I saw this quite some time ago. I am British so I saw it back then.

Anton Kreil has since moved on to set up a social investment company and is all around stocks. This is actual trading in a hedgefund so it is about team work but if you have a great hedge then your account will be regularly funded. Stocks are a different animal and HNW investors prefer equities over currency.

In terms of style, well that’s just what hedgedunds are about remember these guys are like the black boxes of the finance world, untouchable and unregulated. The banks use them to get round legialation when making high risk investments. I think as beginners it was no place to start. I wasn’t surprised to see all the anger. They should have joined a stock broker before becoming traders. No surprise there were only 3 standing.

Great reply, emeraldorc - articulate as ever…

I expressed perplexity at some of the ethics in the experiment, and when Emile (the Scouser) told Anton

[I]‘There is a fine line when dealing with people, City or no City’
[/I]

I felt definitely on his side, because the market crash - the greatest in a generation - was no place to put

a group of beginners into for trading stocks… or, for that matter, any investment instrument…

While there were worthwhile points about the programme, the way in which Anton dealt with some of

the group concerns was too unforgiving: as I said in another post on Forextown, where Anton himself

commented, I have huge respect for him as a trader, but the way in which he conducted himself on

screen, at times, was a ‘fine line’, as Emile said, between trying to instil the right sense of ‘anger’

about ‘attacking’ the markets (and making money out of it with proper strategising) and lacking in

empathy or basic communication skills when dealing with his new recruits and their concerns.

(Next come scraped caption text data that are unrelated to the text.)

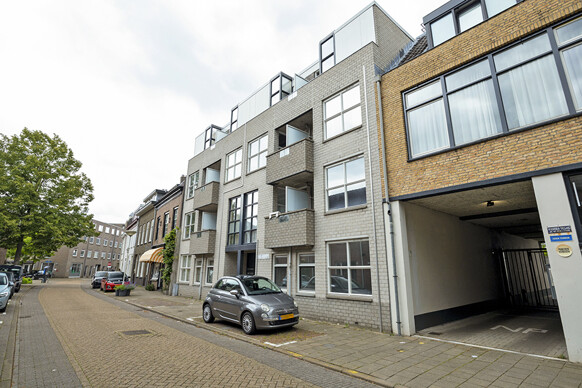 breda woningen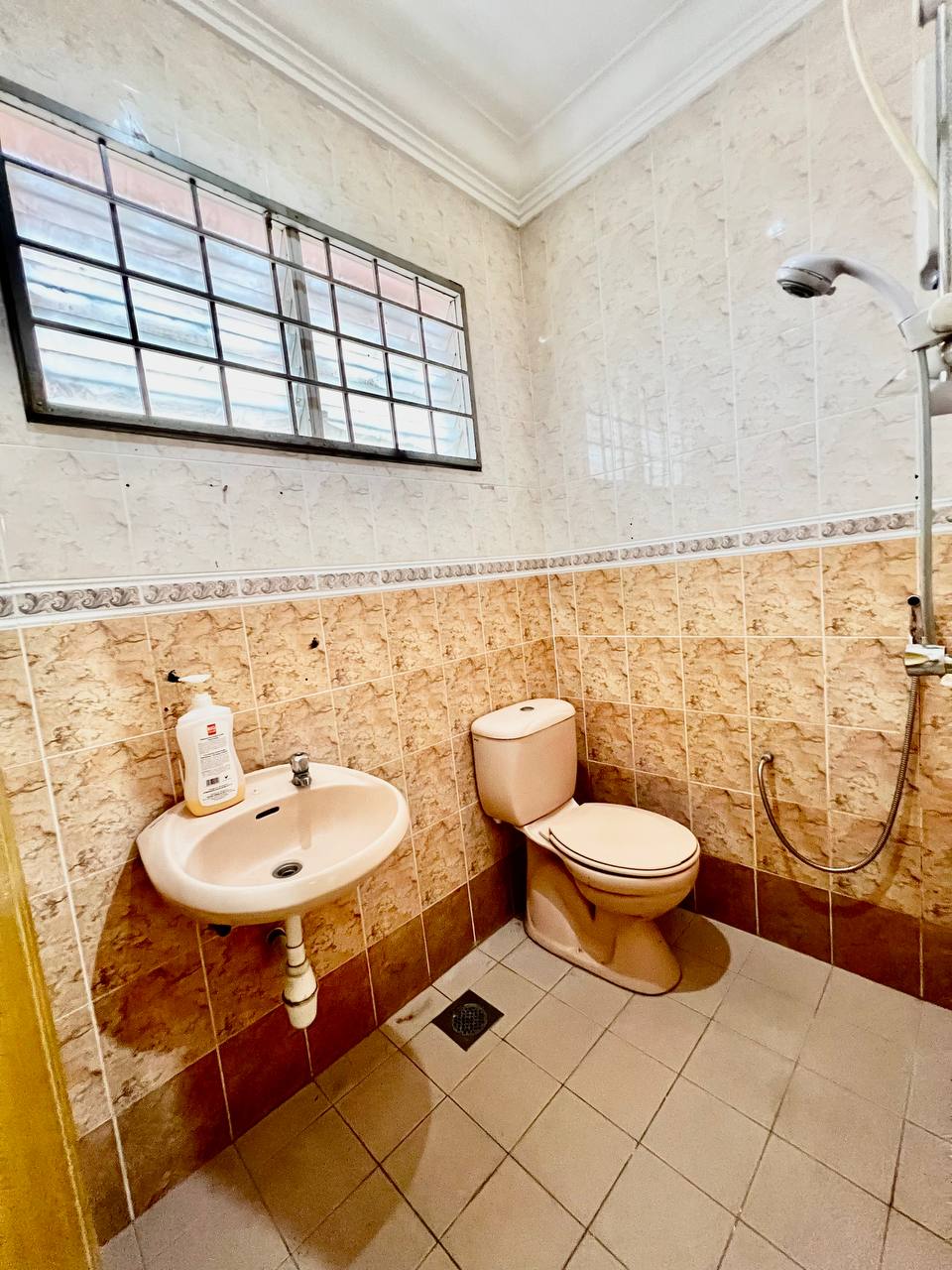 FACING OPEN 2 Storey Teres Suasana BTHO Cheras KL - photo 11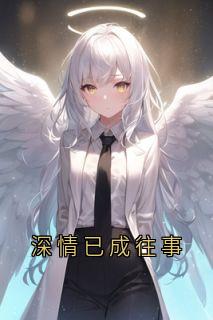 冬日冰汽水的小说深情已成往事全文阅读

While the point that ‘not everybody can become a trader’ was clearly demonstrated, it did not

really show us anything attractive about the human environment… As it was, working with

Anton in that office seemed not an attractive proposition at all… We all understand that making

money is not about being nice and cuddly, but I think he should have dealt with some concerns

better…

I watched this series about three times already, so I will not watch it again because I got out

of it everything that I could: thanks to d-pip for bringing up this series to the attention of

anyone who had not already watched it…

As it happens, Clio, Emile, and Caroline have all gone on to become successful leaders in

their own fields - just take a look at their linkdin profiles - which, again, shows that the

‘irrational / emotional’ side of them displayed in that trading room had more to do with

the fact that the experiment was a little, shall we say, hazardous and resting on thin

bases, than their ability to function in a ‘making money’ environment…

There you go…

Now, PipNRoll, our FX Mistress and Leader, may like to add something on this, perhaps…

Cheers.

I totally agree pipme, the experience was rather hollow for Van Damme, Kreil and the participants. Firstly these guys went in there with a preconceived view point of the city and Anton and Co did very little to change that view.

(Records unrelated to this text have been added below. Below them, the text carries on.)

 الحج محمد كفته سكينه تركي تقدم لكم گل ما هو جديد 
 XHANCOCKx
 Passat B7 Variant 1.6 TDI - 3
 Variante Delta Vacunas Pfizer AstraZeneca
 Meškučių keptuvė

The sad fact remains that most city firms be them hedge funds or brokerages all have this culture of arrogance and viciousness, even though it does not help them make money. However a real hedge fund would usually be made up of a mix of proprietary traders with a lot of their own money invested and usually with expansion they may have to recruit traders to handle additional funds especially during diversification. This means that they usually have a zero tolerance policy for performance and risk.

Another element which is easily ignored is the competition with these funds popping up in as far as U.A.E. all offering opportunities not just in paper money but physical commodities, you can see this is a jungle. If the square mile is considered a jungle, then this industry is the Amazon.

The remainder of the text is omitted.